On Monday at 6.45 on the BBC News Channel, Ros Atkins asked “whether the pledges made by the Leave campaign have been borne out by reality across fishing, trade, Northern Ireland and divergence - and whether some of the warnings made by Remain about Brexit have come to pass” (quote from BBC Website).

I recall four segments of more or less equal length: fishing, Northern Ireland, trade and warnings. To quote the BBC website, Mr Atkins failed in his pledge to discuss divergence, neglecting the vaccine/nimble/speed-boat story, which most would see as divergence’s headline fruit, indeed the headline post-Brexit story so far.

He admitted that fishing was trivial but proceeded to devote one quarter of his time to it. He could have disposed of the matter summarily by saying that fishing is unique: for a few years, we must balance EU access to our waters with access to the EU markets which take almost all of our catch. He failed to ventilate the medium-term solution: investing in supply chains (and negotiating access) to other markets. Instead, three months in, he chose to editorialise it as a failed promise.

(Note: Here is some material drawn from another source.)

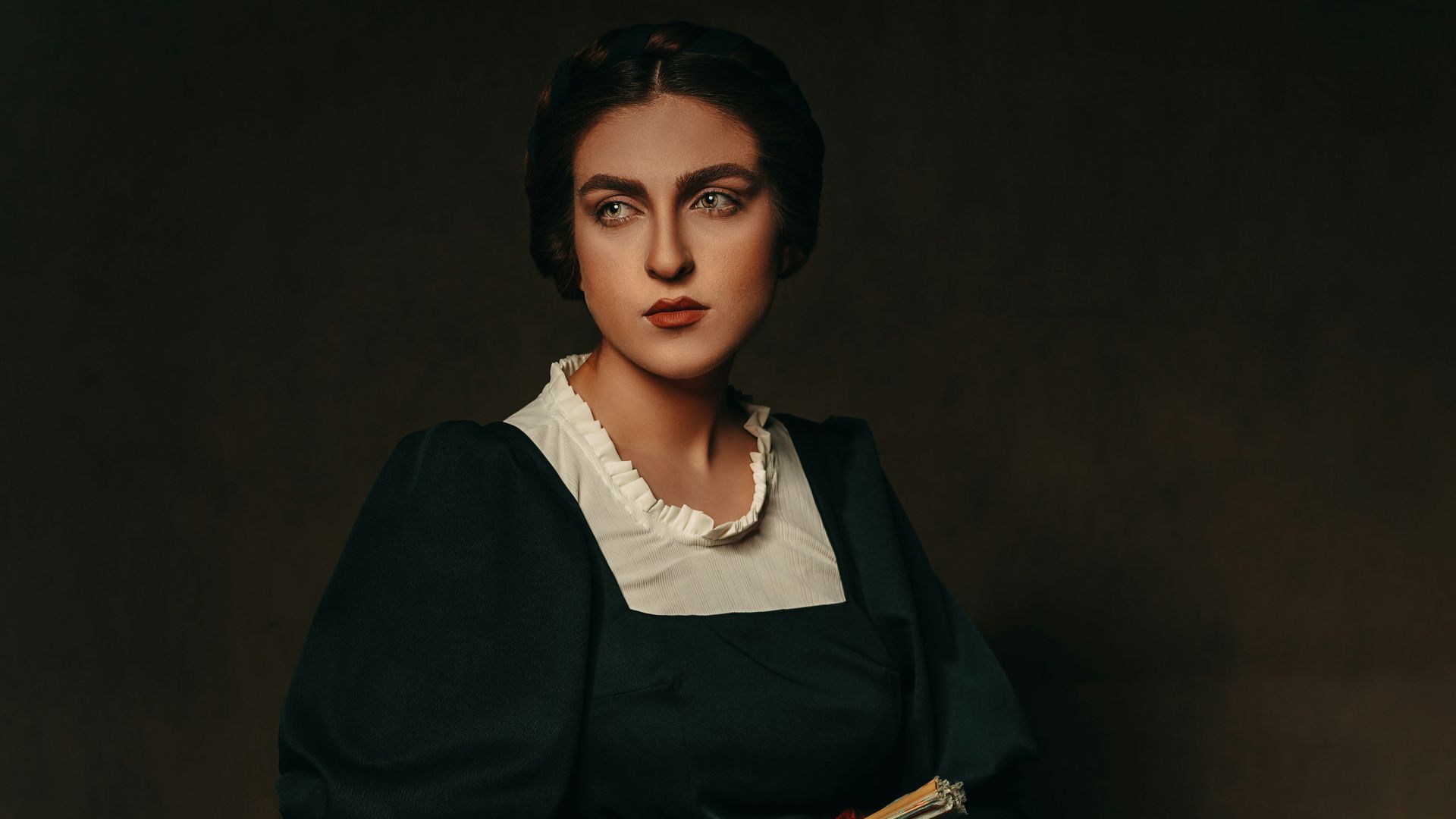 woman in black blazer sitting on brown wooden chair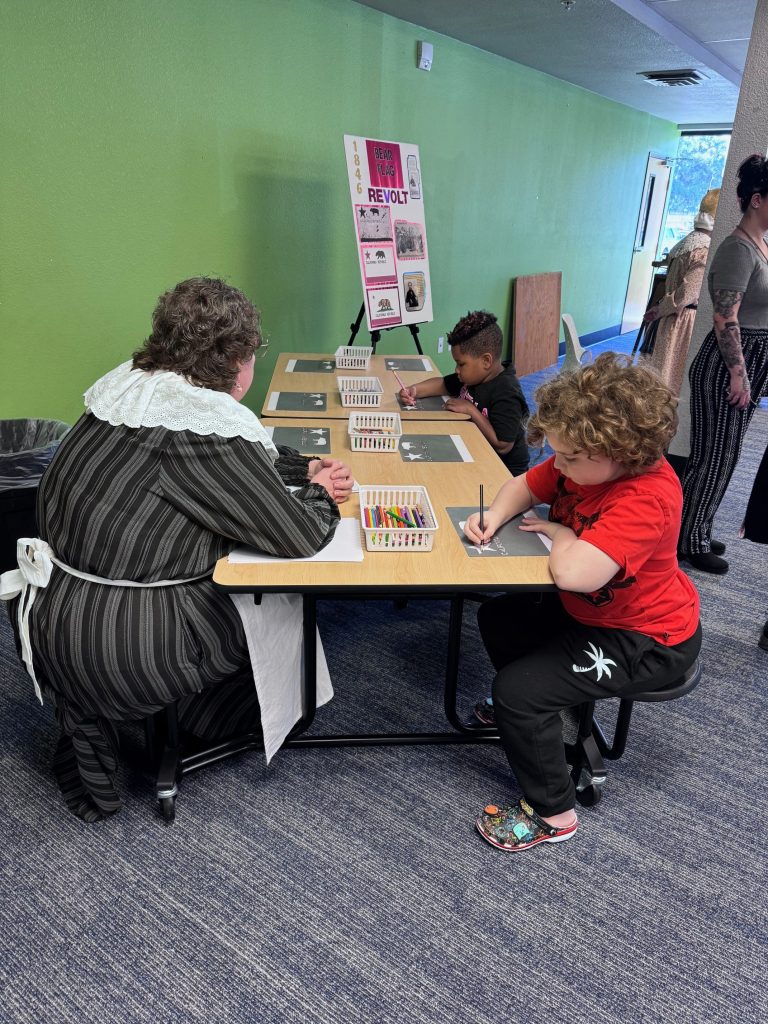 Students coloring at desks during a California history exhibition at Sierra School of Solano County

He dealt with the facts of Northern Ireland accurately enough. Even so, he failed (a) to identify as an underlying cause the EU’s insistence that its single market obliged the countries of the British Isles to accept either a border across the Irish Sea or a border within the island of Ireland; and (b) to identify as an error the negotiators’ sole focus on the risk of Nationalist disaffection. Instead, once again, he editorialised a failed promise

His treatment of trade agreements was accurate in saying that the UK’s 60-odd novated agreements follow the EU’s paperwork. He failed to note that pre-Brexit, the EU was only able to make agreements with marginal economies and that none of them matter. If he mentioned Australia, India or Japan, I missed it. Once again, an editorialised failed promise.

He treated the mistaken warnings fairly but gave them only equal time with any one of the other three points. Most would see them as a bigger story. He was silent on our biggest industry, financial services, where jobs have conspicuously failed to move to Europe.

What we got felt like sectarianism from Mr Atkins. Has the BBC no time to broadcast other views?